Members of the Soar Beyond Youth Mentor Organization were there to practice for the Dallas Women’s March, where they drummed and sang for missing and murdered Native women on Jan. 20.

“He calls the drum grandfather,” says 16-year-old Kaya Cordova, referring to Michael Tongkeamha, who founded the group two years ago. “[The drum], it teaches us.”

Cordova, who says she’s Pima/Hopi, attends W.H. Adamson High School. Along with her family, the soft-spoken youth also attends the Dallas Indian United Methodist Church, where the group was practicing.

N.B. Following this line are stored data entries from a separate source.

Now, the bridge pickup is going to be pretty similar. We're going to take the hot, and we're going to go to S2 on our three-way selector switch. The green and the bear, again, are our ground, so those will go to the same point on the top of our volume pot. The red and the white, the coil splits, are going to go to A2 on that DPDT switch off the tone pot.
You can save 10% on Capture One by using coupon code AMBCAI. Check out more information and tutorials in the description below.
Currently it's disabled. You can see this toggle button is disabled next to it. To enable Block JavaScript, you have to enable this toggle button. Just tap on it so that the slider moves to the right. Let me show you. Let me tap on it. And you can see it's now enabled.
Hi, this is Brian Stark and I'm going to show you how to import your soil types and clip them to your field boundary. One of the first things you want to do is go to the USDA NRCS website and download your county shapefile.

Being part of the organization, which sometimes travels to places like the University of Texas at Arlington, Texas Christian University and Oklahoma, has helped Cordova make new friends and learn about other tribes and other Native women, she says. It’s also taught her to “never be afraid to say who you are.”

“Like, if someone asks if you’re native, you’ll be like, yes,” she says. “It’s important.”

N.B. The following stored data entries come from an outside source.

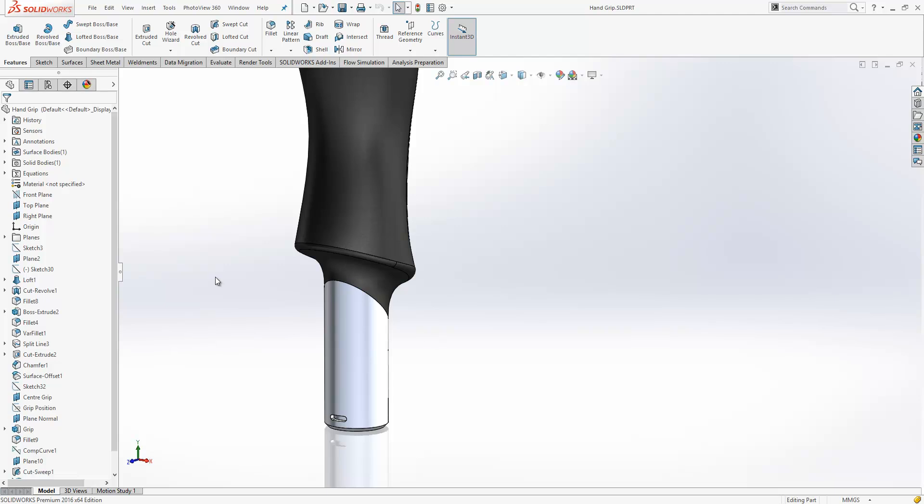Especially the linear pattern as an example. To create a linear pattern, historically we would have needed an edge to define the direction or a sketch. And as we don't have a straight edge on this model, it's very difficult for us to choose that. So what we might have had to do is display the temporary axes or create a sketch to define the direction.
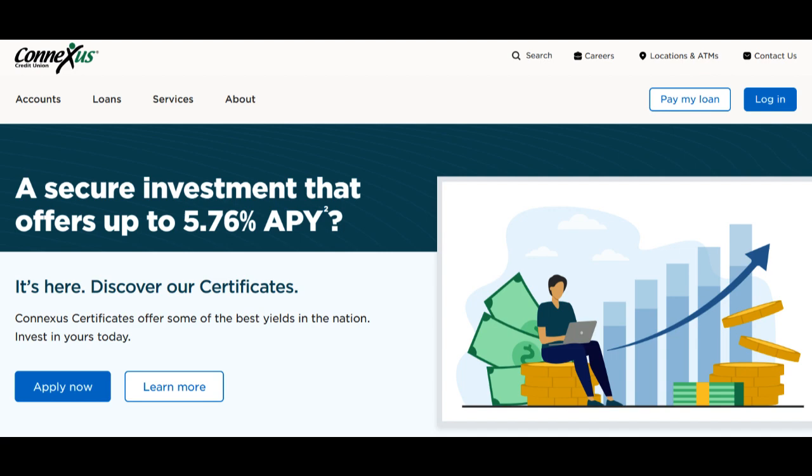On the positive side, Connexus Credit Union is deeply committed to providing competitive rates to its members. Credit unions often offer favorable interest rates on savings accounts and loans, and Connexus is no exception. This can be particularly advantageous for individuals looking to grow their savings or secure loans with attractive terms.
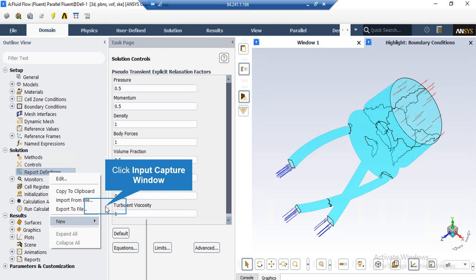You can define a mass flow rate report on an arbitrary boundary based on your geometry and your simulation. You are able to see whether this mass flow has reached a constant value or not. If yes, it may be a sign that your simulation has reached convergence, but the residual must be checked as well.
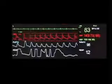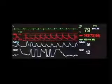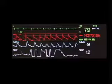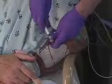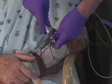Placement of an arterial line is indicated for continuous monitoring of arterial pressure and direct arterial blood sampling.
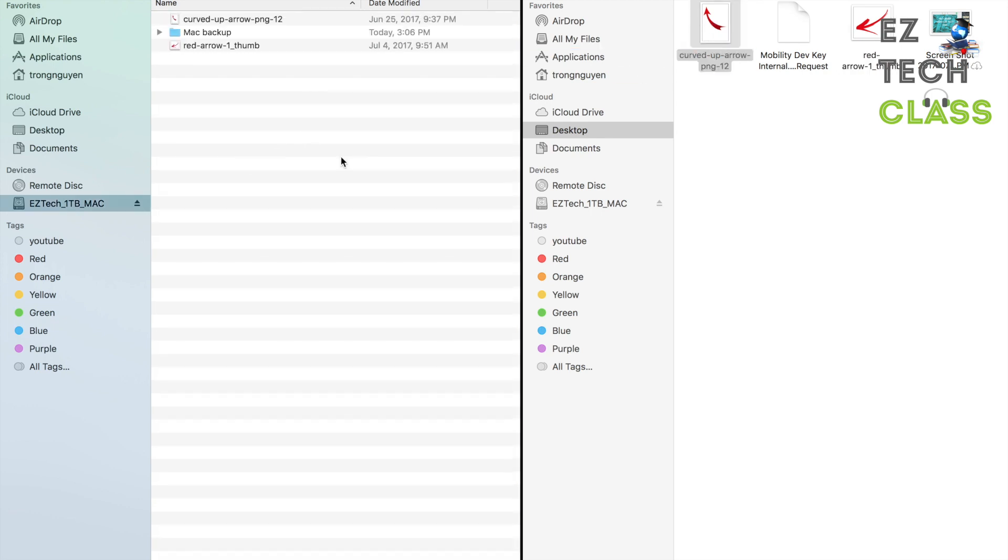So now my portable drive is fully compatible with my Mac system. And I can use this to backup files to use with Time Machine or whatever I want on this drive. In today's video, I shared with you guys a very quick tip on using the Disk Utility tools to reformat the portable device to use the Mac format system. Thank you for watching.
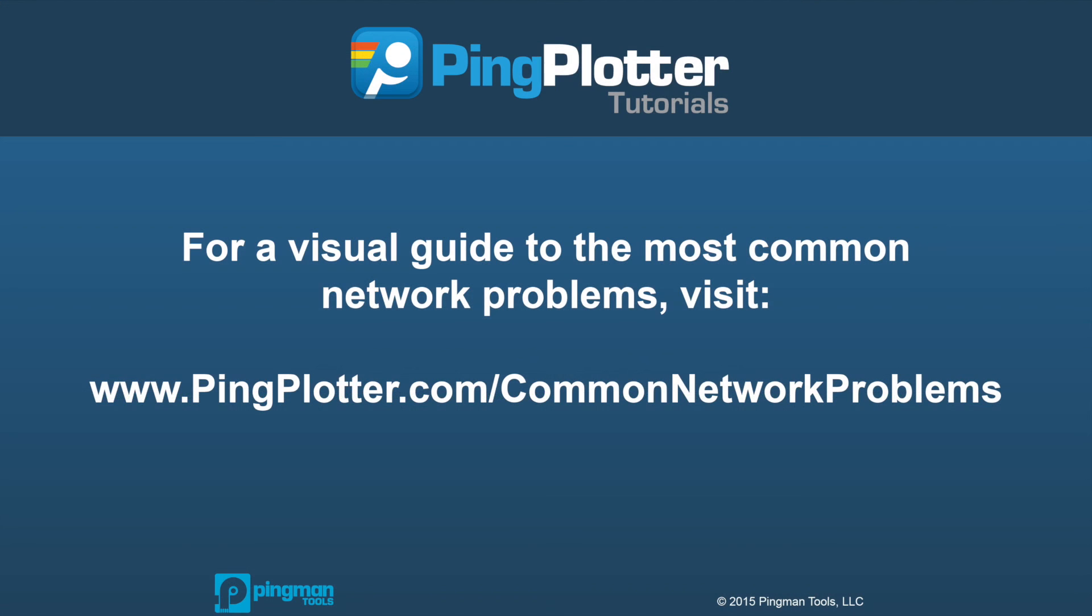If you're looking for more info on how to spot bandwidth saturation or other network issues, be sure to check out the pile of great resources on pingplotter.com.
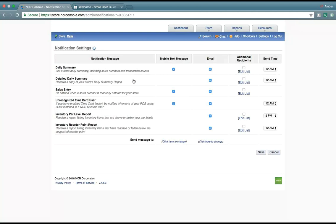Under notifications, this allows you to email or text message, depending on the options, your daily summary, detailed daily summary, sales entry, unrecognized time card user, inventory par level report, as well as inventory reorder point report.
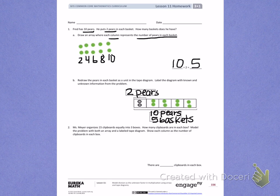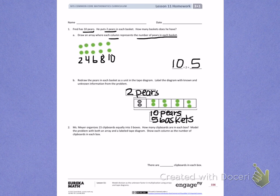Number 2. Ms. Meyer organizes 15 clipboards equally into 3 boxes. How many clipboards are in each box? Model the problem with both an array and a labeled tape diagram. Show each column as the number of clipboards in each box. Ms. Meyer has 15 total clipboards that she's putting into 3 boxes. I need to draw both an array and a labeled tape diagram.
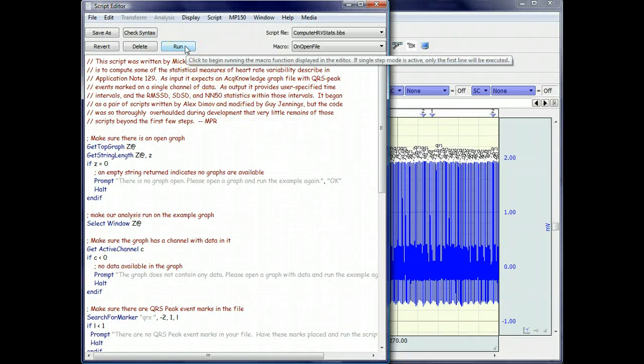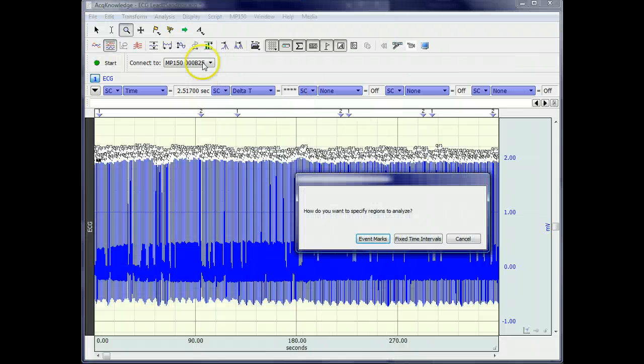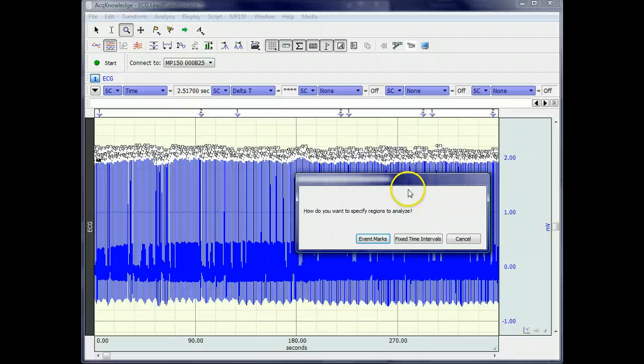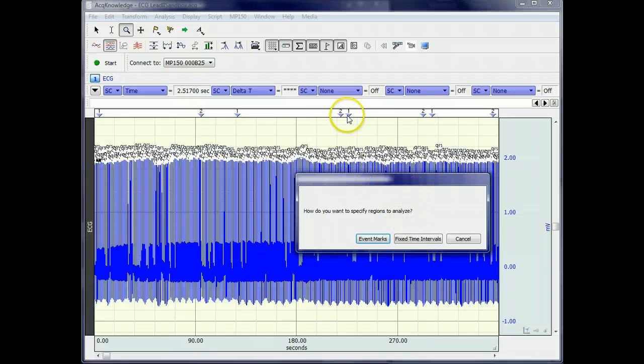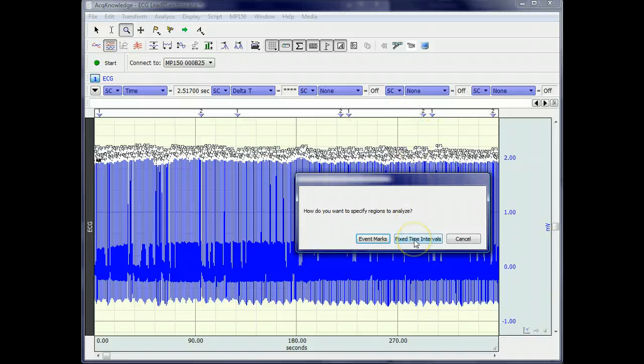When you run the script as it's currently written, the first thing it does is ask you if you want to analyze heart rate variability based on event marks, which is what we're going to do here, which is why we have the events 1 and 2 inserted, or with fixed time intervals.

Traditionally, men play the drum during the ceremony while the women sing around it because the men were responsible for sacred songs, Tongkeamha says. One of the songs that the youth practiced, Tongkeamha was inspired to create while at Standing Rock. He says another was a warrior song that originated out of Canada.

Dallas artist Damon Neal talked about the importance of men respecting, honoring and not harming [all] women.

“That’s the reason we’re going out there,” says Tongkeamha, 44, while asking the group to wear the color red or regalia to the march and stay focused.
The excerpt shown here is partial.